September 15 - Weekend Recap
Weekend update!
Matt came up on Friday after work and spent Friday and Saturday nights with Hudson so I could have a couple nights out of the hospital. There’s just something about having Daddy here - he brings the fun and energy! Clare, Kate, and my parents came Saturday afternoon after Clare’s rainy soccer game, and we had a good visit. Then they got to have a sleepover with Uncle T, Aunt Shelby, and Lily, which they LOVED. They came back for another visit this afternoon. It was so good to spend some time together this weekend.
Hudson didn’t quite clear his methotrexate level on Saturday afternoon, so he continued on his extra fluids again today until they redrew the level this afternoon. He gave us a little scare when they were trying to draw his methotrexate level today, though. They couldn’t get his red line to draw and so flushed it twice very quickly, and he had a coughing and gagging fit and then became very lethargic and actually fell asleep, even though he had already taken a nap. This was very alarming considering just prior he was playing dinosaurs and singing wheels on the bus. One of the attendings came to see him, his lungs were clear and vitals stayed good. They did a chest X-ray in his room to make sure his line looked ok, and it was fine. They were able to draw the lab from his blue line and put TPA in his red line, and it’s drawing again now.

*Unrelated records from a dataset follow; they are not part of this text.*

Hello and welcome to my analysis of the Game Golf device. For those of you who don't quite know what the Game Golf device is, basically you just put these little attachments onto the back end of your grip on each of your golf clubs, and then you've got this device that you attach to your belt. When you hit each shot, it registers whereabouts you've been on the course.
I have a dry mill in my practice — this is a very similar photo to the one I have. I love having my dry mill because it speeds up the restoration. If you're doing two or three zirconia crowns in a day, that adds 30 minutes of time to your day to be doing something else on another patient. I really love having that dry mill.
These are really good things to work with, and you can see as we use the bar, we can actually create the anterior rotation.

They think maybe the quick flushes just overwhelmed him and he was feeling/tasting it, causing him to gag and cough and maybe feel like a choking feeling. We still aren’t really sure, but after 30-45 minutes he was acting fairly normal again, and later in the evening he was running and jumping around the hall again. Thank you, Jesus!
The good news is that he cleared his methotrexate, so he’ll get his next chemo meds in the morning. The timing of the lab plus the weird episode plus the pharmacy timing didn’t pan out for him to get the chemo this evening. Which is ok, because we had already had enough excitement for the day.

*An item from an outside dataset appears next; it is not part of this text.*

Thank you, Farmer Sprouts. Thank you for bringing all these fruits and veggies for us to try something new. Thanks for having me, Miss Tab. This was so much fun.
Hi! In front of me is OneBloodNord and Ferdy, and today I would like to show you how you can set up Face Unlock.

We are blessed that while we’re here at Children’s we are just a few blocks away from the Cathedral Basilica of St. Louis. And to be honest, lately I’ve been struggling some to pray. I know in my heart of hearts that God is good, and I am trying daily to surrender Hudson to Him, but I have really failed some days at prayer. Maybe it’s fear or anger or laziness, but it just feels easier to pick up my phone and scroll, or read, or honestly, do anything at all, than to talk to God about our life right now. But this morning at mass and during confession, I was overwhelmed again by God’s faithfulness in spite of my littleness, by His love and goodness in spite of my failures.
We heard in the Gospel today that "whoever wishes to come after me must deny himself, take up his cross, and follow me.” This journey is not what we would have ever, ever chosen for ourselves, but God chose this path for us. We may never know why, at least not on this side of heaven. But we’ll do our best each day to take up our cross, unite it to His, and follow Him.
Thank you for your prayers and love. Truly, they are holding us up. Especially on the days that we can’t find our own words to talk to God.